Metrics Paradise

Let's imagine that we have a task of processing and persisting large amount of IoT metrics. How would we do that? One approach is to use existing tools and technologies. Other is to design and develop the system from scratch. In these repo I will try both options.

I'll start with the first approach. Usage of well known and common products, such as databases and messaging systems seems simpler because we don't need to write code and also cheaper because we don't have to maintain it later. Also it's easier to find people familiar with these technologies.

Before choosing right tools for the task it's better to formalize requirements. The metric processing system should be:

Scalable
Fast
Self-contained
Able to provide aggregation statistic of processed metrics

First approach

From the requirements it's clear that we need a database to save metrics and retrieve statistics about them. This database should be fast and scalable. Key-value databases is not very helpful here because metrics is a timeseries data that can be handled in a more clever way than just a key-value pairs.

It's maybe wise to take a look at OLAP databases such as Druid or Clickhouse (later just CH). I've worked with Druid and I didn't like it because it was hard to setup and maintain. I'm curios about CH and I want to try it out for this task.

Clickhouse is advertised as fast and scalable. I've created the Docker Compose environment for testing this storage. CH has built in HTTP server so we can send and run queries from any device with utility such as curl. Each coffee machine has it these days.

To run load test just execute the command

./run-clickhouse-test.sh

It will run four nodes of CH with two shards and two replicas. Script will create distributed table for metrics and start JMeter.

On an average machine it pushes metrics with a rate of 60 RPS.

Scaling mechanism of CH is not very convenient. The cluster nodes are listed in the config file. When it's time to add more instances each config file must be redeployed. Config files can't be redeployed on a working node therefore each node have to be switched off. Common case is to redeploy new configuration on one set of replicas then on another. This method lowers fault tolerance of the system.
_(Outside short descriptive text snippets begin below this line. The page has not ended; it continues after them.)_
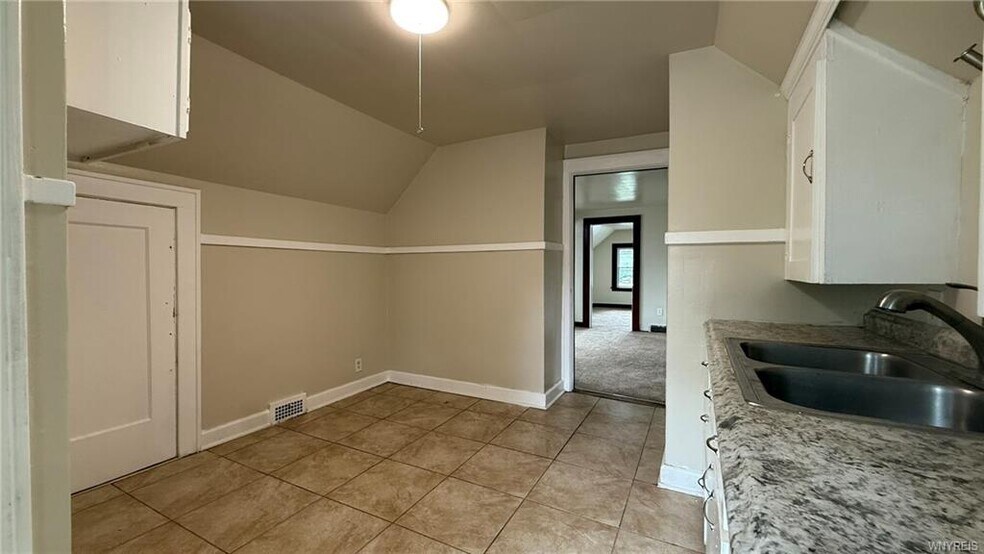 More Photos Of 1890 Linwood Ave, Niagara Falls Apartments For Sale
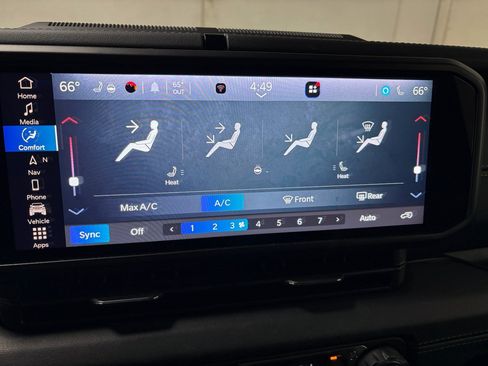Used 2024 Jeep Wrangler Unlimited Sahara w/ Technology Group AWD/4WD image 18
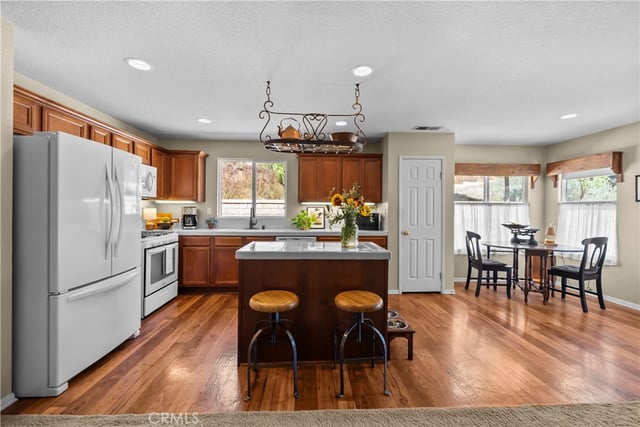 29890 Berkshire, Castaic, CA 91384 — photo 15 of 33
Also CH is crashing on malformed queries.

I didn't like the scaling ability of CH and I got excited about building truly scalable storage system by myself.

Second approach

Building a scalable storage system which one can be proud of.
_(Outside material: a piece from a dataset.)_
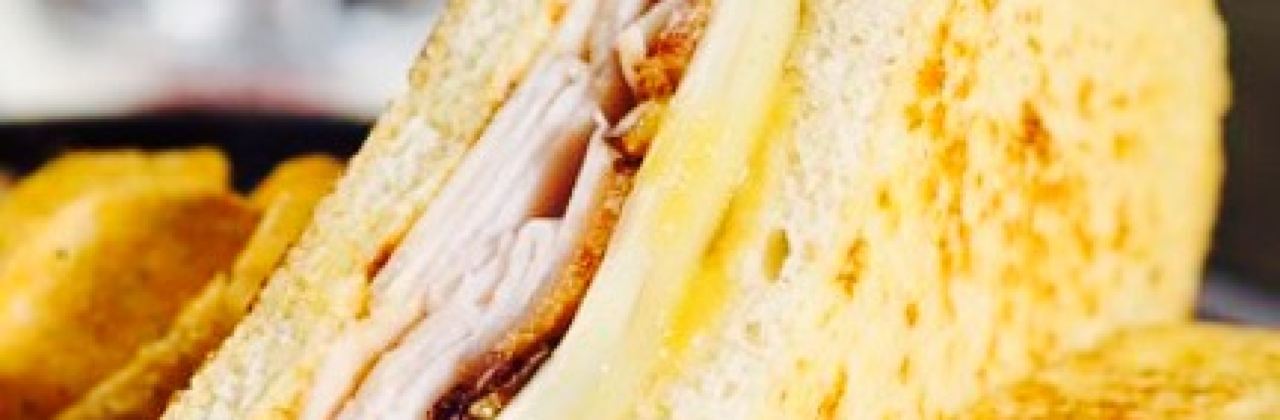 Holly's Gourmet Market & Cafe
The new distributed database has humble name of Metrics Paradise. Core of it's features:

Easily scalable. Just by starting the new node every other node knows about it and automatically rebalances it's data.
Easily downscalable. Node can be disabled by REST API. Before shutting down it will rebalnce it's data to the other nodes. No data loss!
Has secured HTTP interface. It doesn't matter to which node metrics gets pushed. They will be stored on the right node. Same thing with queries. They can be run on every node.
Fast. One node can handle up to 6K RPS on an average machine. It's like a whole green house of thermometers.
Self-contained. Independent from external services. It doesn't need messaging systems or databases. It depends on ZooKeeper though but every cool software project today needs ZooKeeper so it's a plus.

Building and running

Note: Instead of writing additional service for sending metrics I decided to practice and become more familiar with a JMeter.

Prerequisits

Java 8
Maven
Docker

To build Docker image

mvn package

To run two nodes cluster and performance test on it

docker-compose --project-name metrics-paradise up

Also it will start Grafana with beautiful dashboard of service metrics. Credentials are admin/admin. http://localhost:3000/d/cvQIZ84ik/metrics-paradise?refresh=5s&orgId=1&from=now-30m&to=now&theme=light

To start JMeter again with other test plan

docker run --rm -it --network=metrics-paradise_default --name mp-jmeter \
 -v ${PWD}/config/20k-10thread.jmx:/tests/test.jmx justb4/jmeter -n -t "/tests/test.jmx"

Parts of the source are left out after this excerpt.